## BRIEF
Search the listing below for the line containing "4T4BF1FK8ER364769: 72345643". From there through the line containing "Droompark Buitenhuizen", transcribe every line exactly, both ends included.

## RECORDED DATA
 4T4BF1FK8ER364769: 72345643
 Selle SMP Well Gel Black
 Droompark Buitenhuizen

---

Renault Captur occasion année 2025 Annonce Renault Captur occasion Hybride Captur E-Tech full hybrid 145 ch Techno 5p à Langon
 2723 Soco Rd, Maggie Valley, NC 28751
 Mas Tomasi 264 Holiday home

---

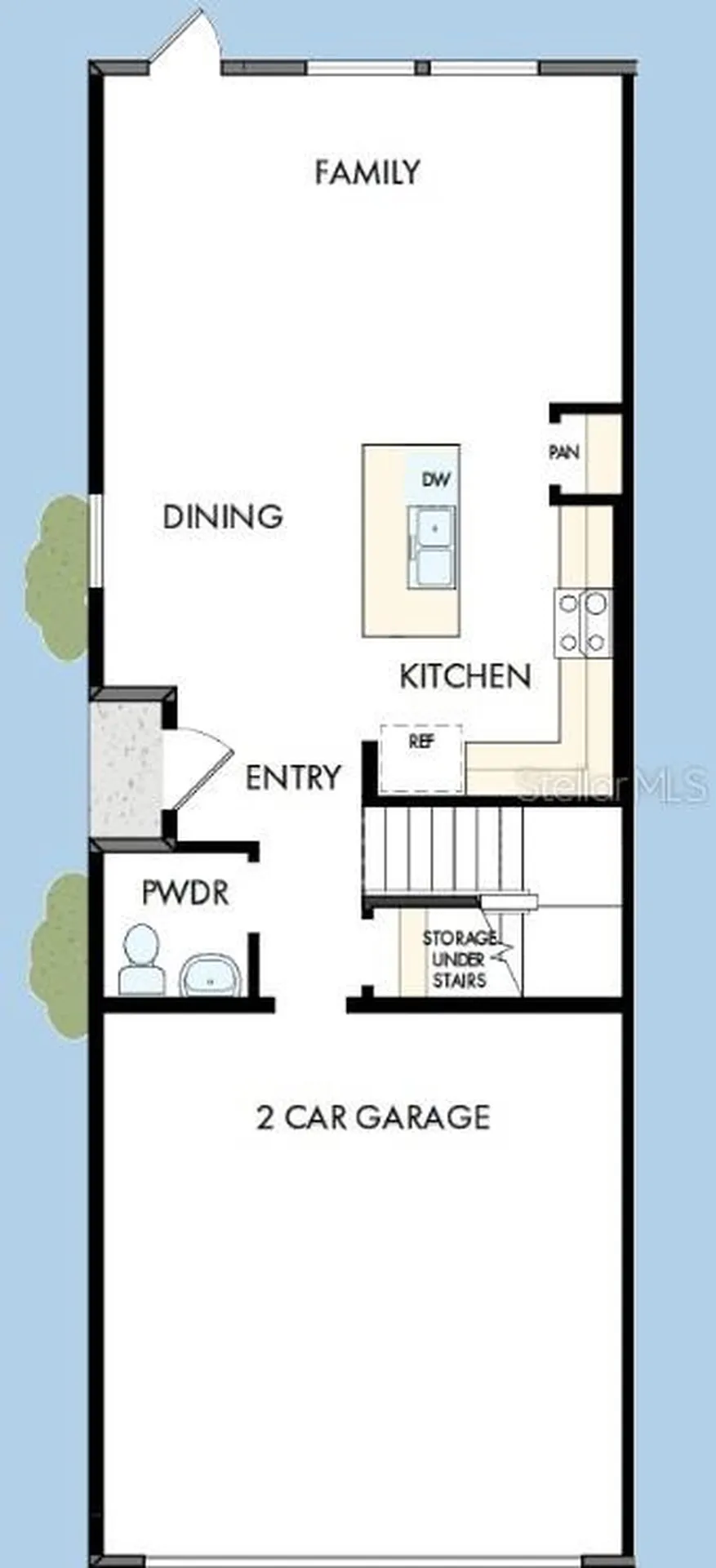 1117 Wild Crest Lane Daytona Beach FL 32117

## ANSWER SPACE
 4T4BF1FK8ER364769: 72345643
 Selle SMP Well Gel Black
 Droompark Buitenhuizen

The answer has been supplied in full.